The labour dispute that caused disruptions to the Kootenay Lake ferries for three months is over.
The BC Government and Service Employees Union, which represents 80 members of Local 2009, announced last week it has ratified a new collective agreement with employer Western Pacific Marine.
Union president Stephanie Smith said 83 per cent of members voted in favour of a five-year deal that will eventually achieve wage parity with BC Ferries employees.
“We’re looking at the sustainability of the ferries,” said Smith. “We want to ensure smooth sailing for both our members and the members of the community.”
The agreement, which expires March 2024, also includes improvements to employee benefits, seniority protections, vacation time and premiums.
Restrictions on rehiring retired employees and a plan to phase out temporary employee positions are also part of the new deal. Smith said Western Pacific has committed to training existing employees to fill upcoming vacancies over the next 10 years.

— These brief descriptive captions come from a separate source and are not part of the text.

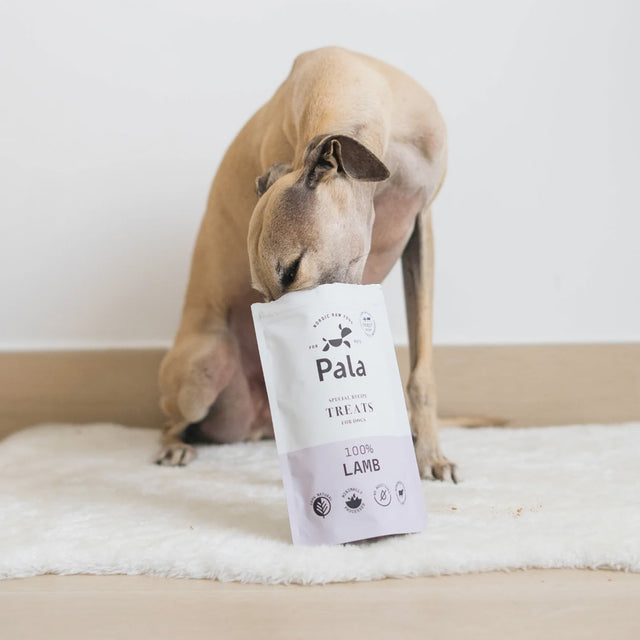 Pala Hundeleckerli Lamb Treats, 100g
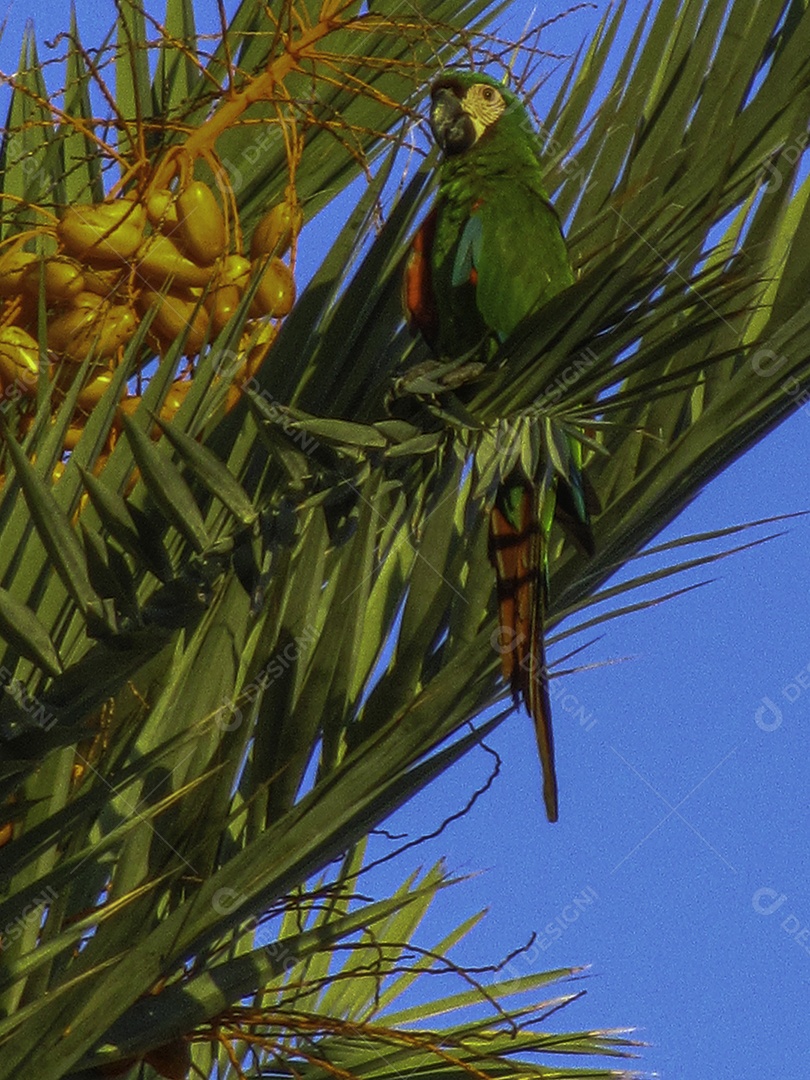 Miami Beach, Flórida, Estados Unidos da América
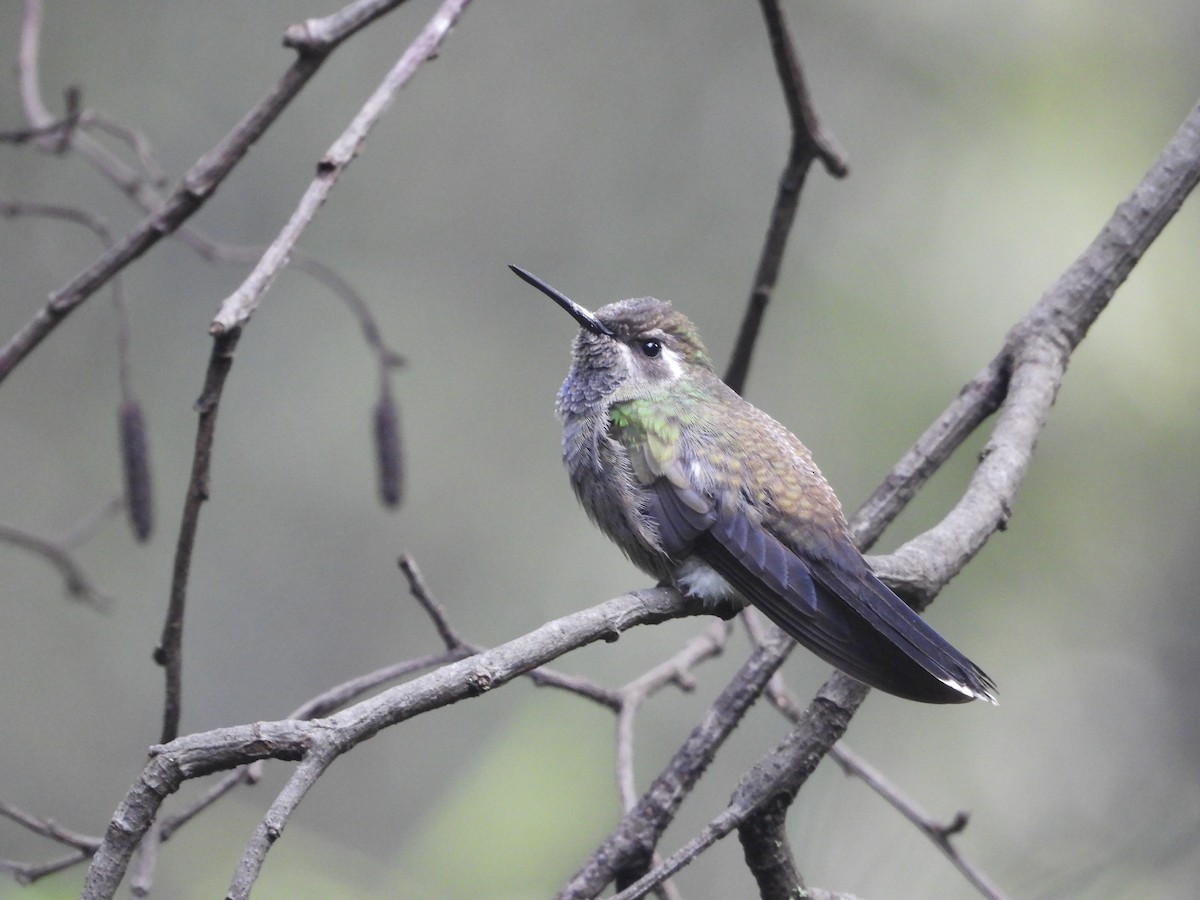 Blue-throated Mountain-gem - ML644780667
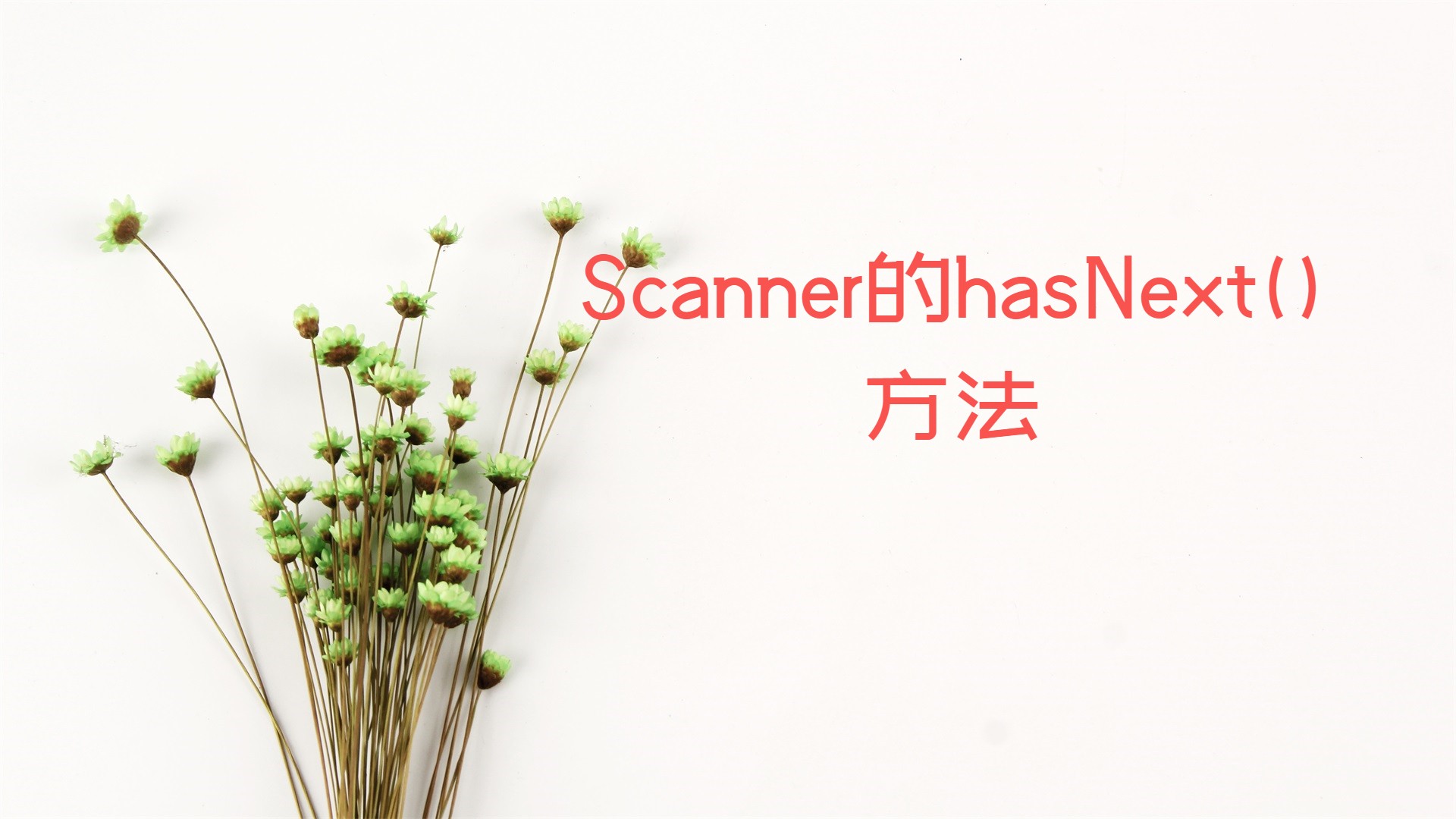 Scanner的hasNext()方法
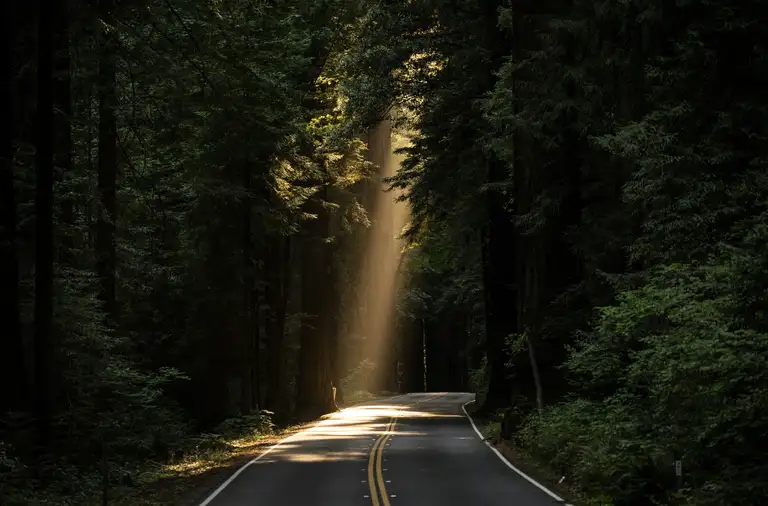 Hope, light in the trees, road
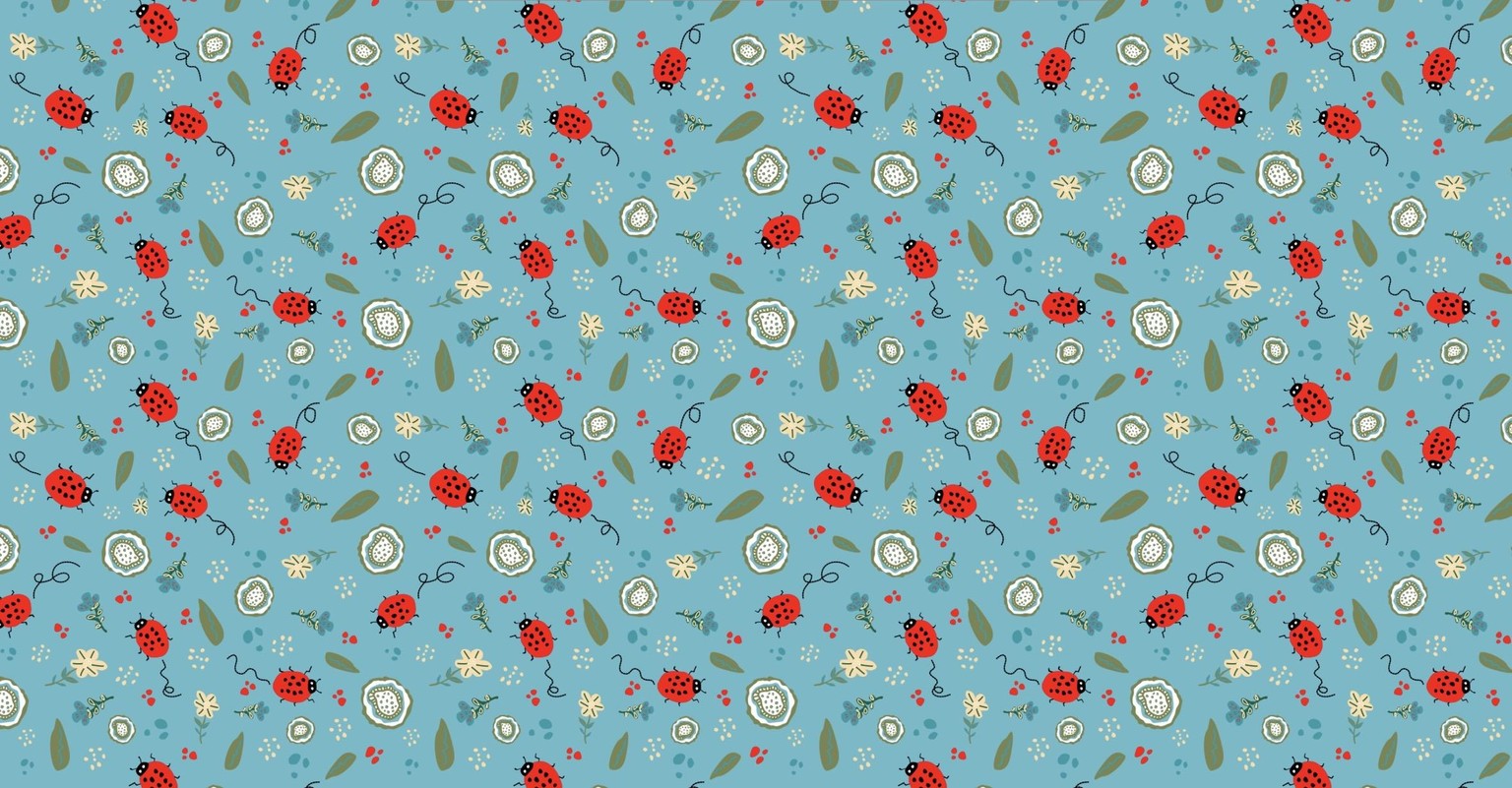 Ladybug Dance - image 1 - student project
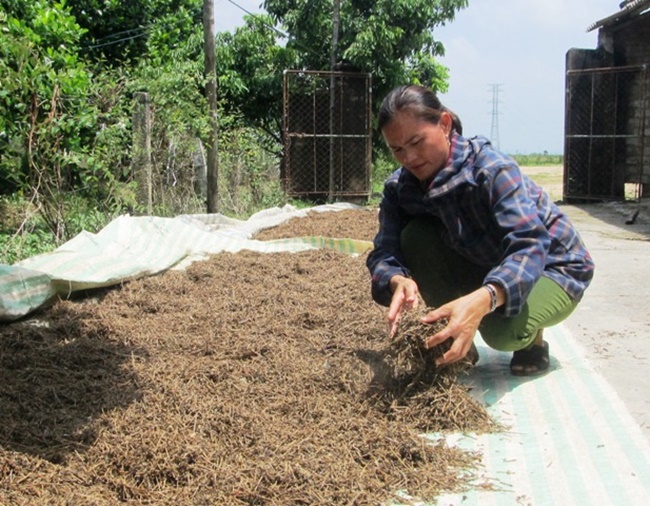 Đặc biệt cây này không sâu bệnh,&nbsp;chi phí đầu tư thấp và kỹ huật lại đơn giản... nhưng lợi nhuận cao.
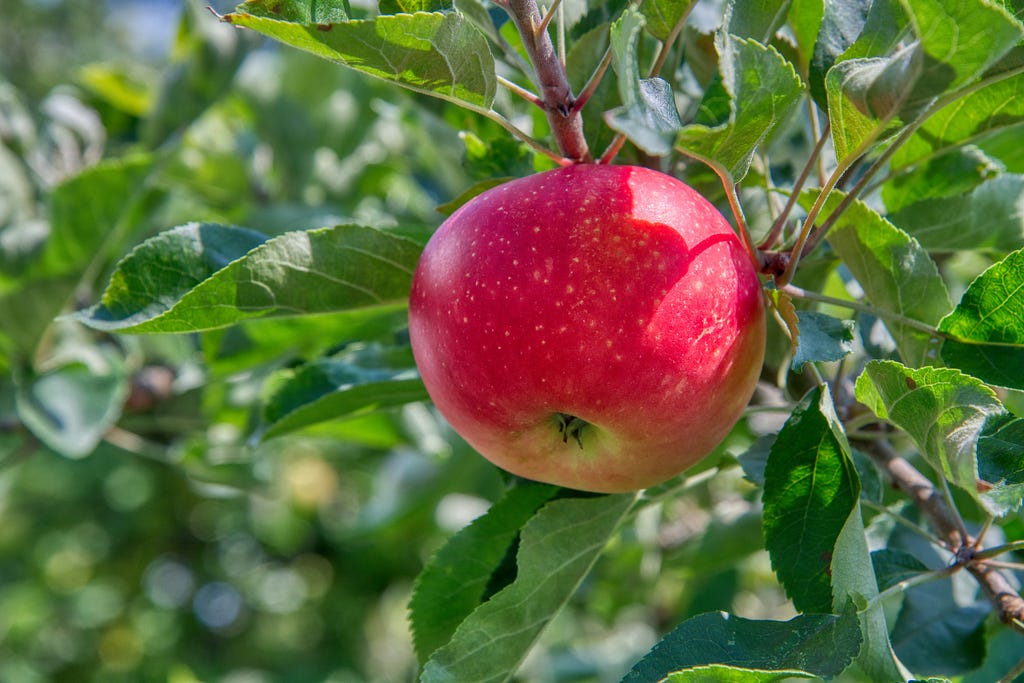 Image of a red apple on a branch on a tree with green leaves.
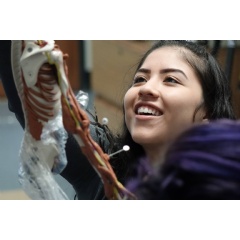 A student at the Career Education Center in Denver working with the Anatomy in Clay® Learning System.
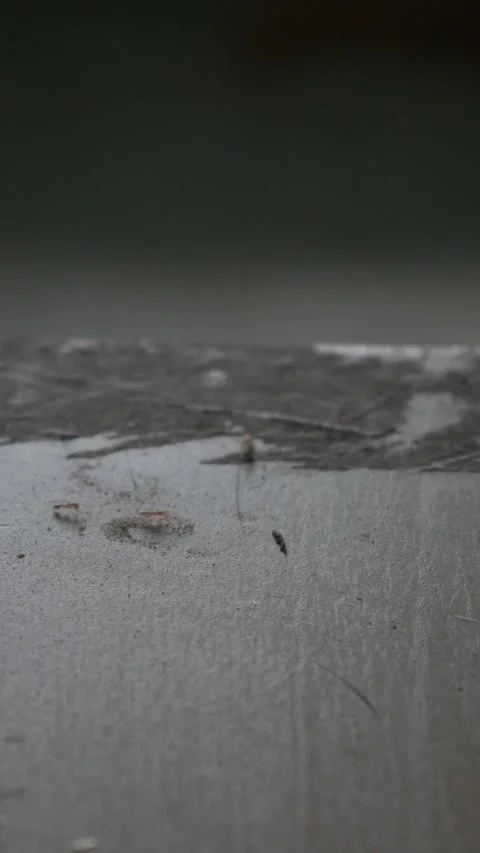 Tiny ants swarming on dusty floor surface Stock-Footage 335210274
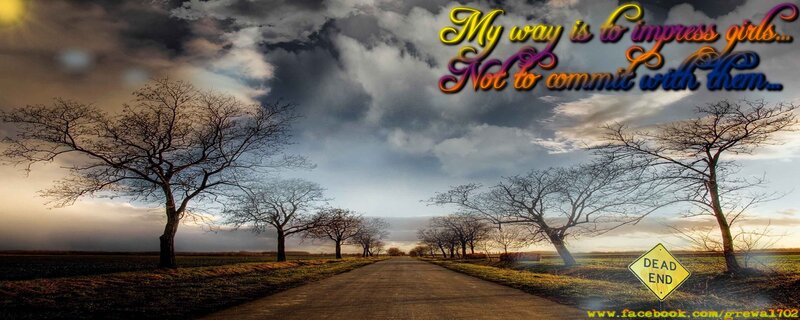 Road with Bare Trees — Gray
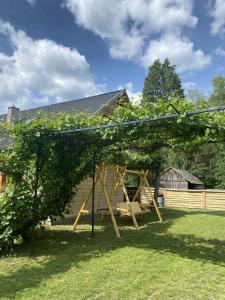a swing set in a yard with a tree at Agroturystyka Łazory nad Tanwią in Łazory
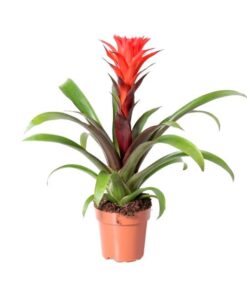 Guzmania Rockyflower Hope – Ø12cm – ↕43cm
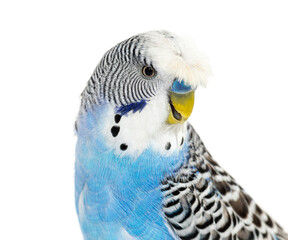 side view of Blue crested Budgerigar head shot macro, isolated o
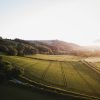 green grass field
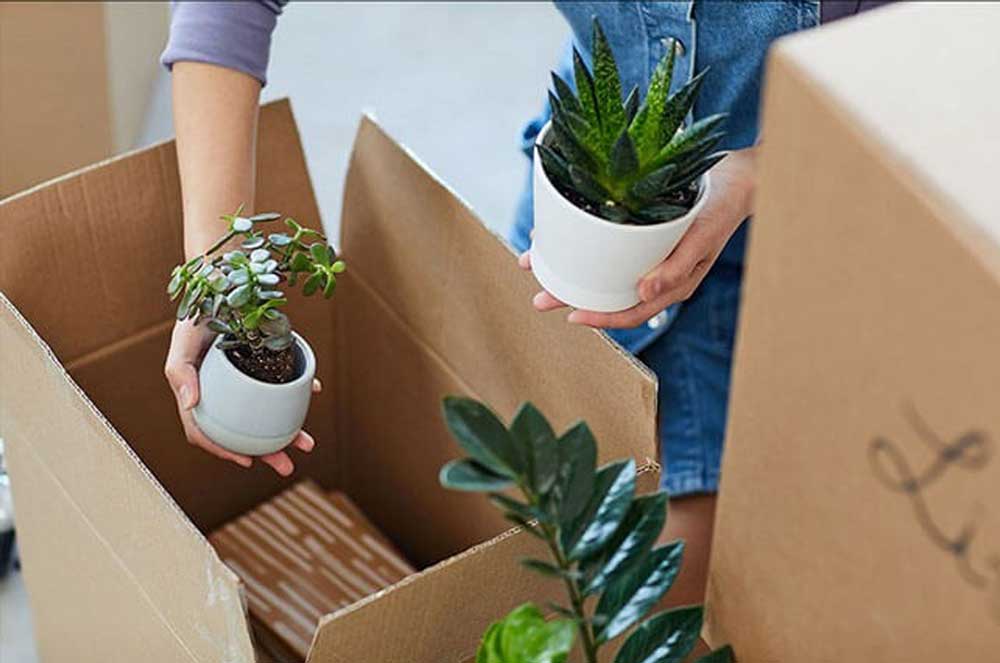Đóng gói cây cảnh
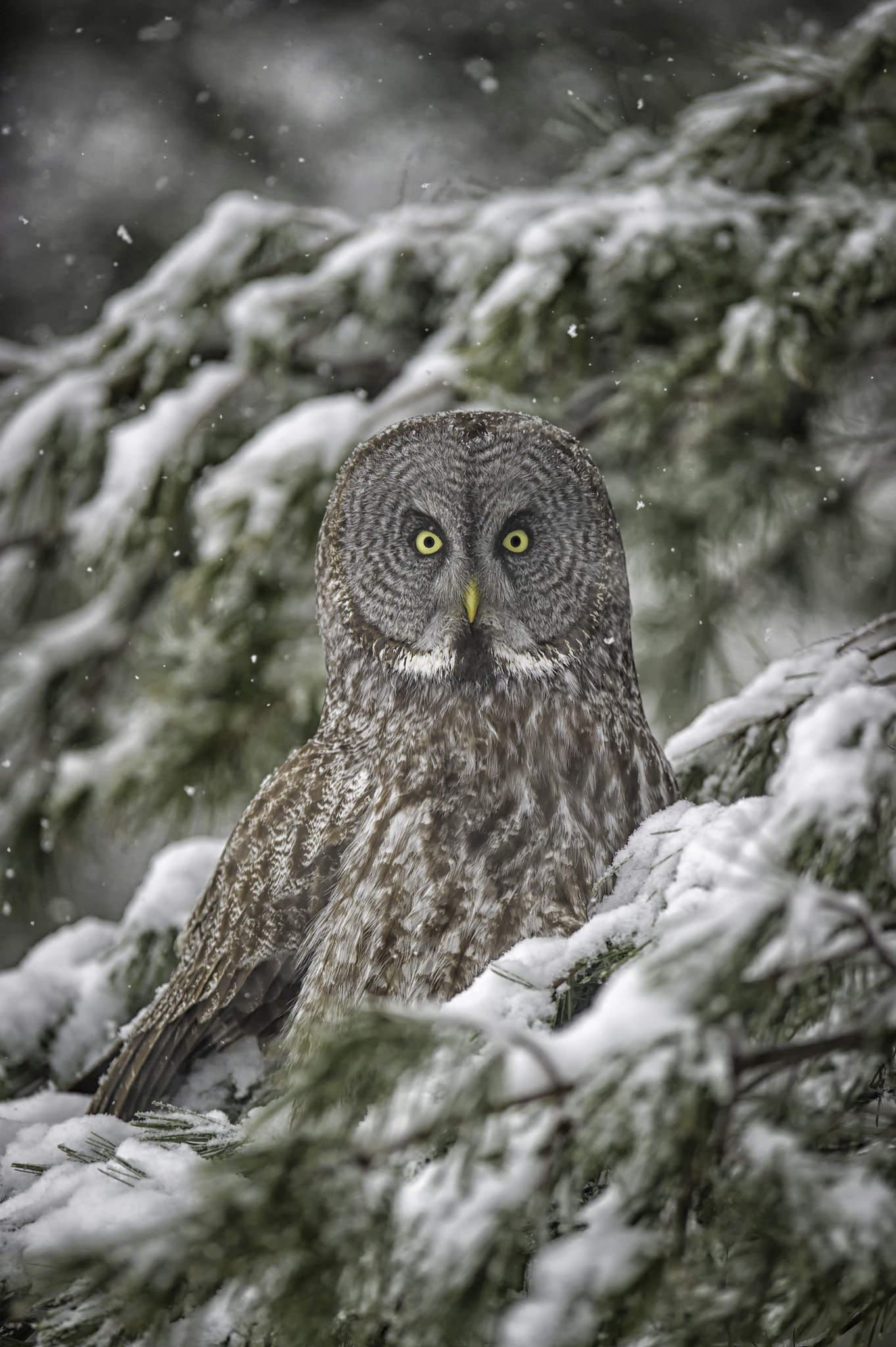 Great Grey Ornament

The agreement ends months of scheduling disruptions and heated exchanges between the two sides.
The union walked off the job for three days at the end of August, and then refused to have its workers put in overtime. That meant the MV Osprey 2000 and MV Balfour, which run between the Kootenay Bay and Balfour terminals, were shutting down mid-afternoon throughout the week.
Western Pacific Marine released a statement in October that criticized the union for requesting a pay package “that would make ferry service on Kootenay Lake more costly than the company could sustain.”
Meanwhile, a group called Our Ferry Matters held demonstrations advocating for an end to the labour battle.
Organizer Megan Rokeby-Thomas said in a statement the group is happy the ferry has returned to normal service.
“Our members are thrilled and relieved to know that we now have stability for the long-term on this essential transportation route between Balfour and Kootenay Bay,” said Rokeby-Thomas.
The agreement with Western Pacific is the last of three inland ferry contracts negotiated by the union this year. Smith said she expects the Kootenay Lake agreement will be welcomed by both ferry users and her members.
The new deal also applies to the ferries at Glade and Harrop, which were under an essential services agreement and not affected by job action.
“Our members who work in these communities. They live there. They understand how important these ferries are to the communities,” Smith said. “I think everyone is pretty pleased to have things settled.”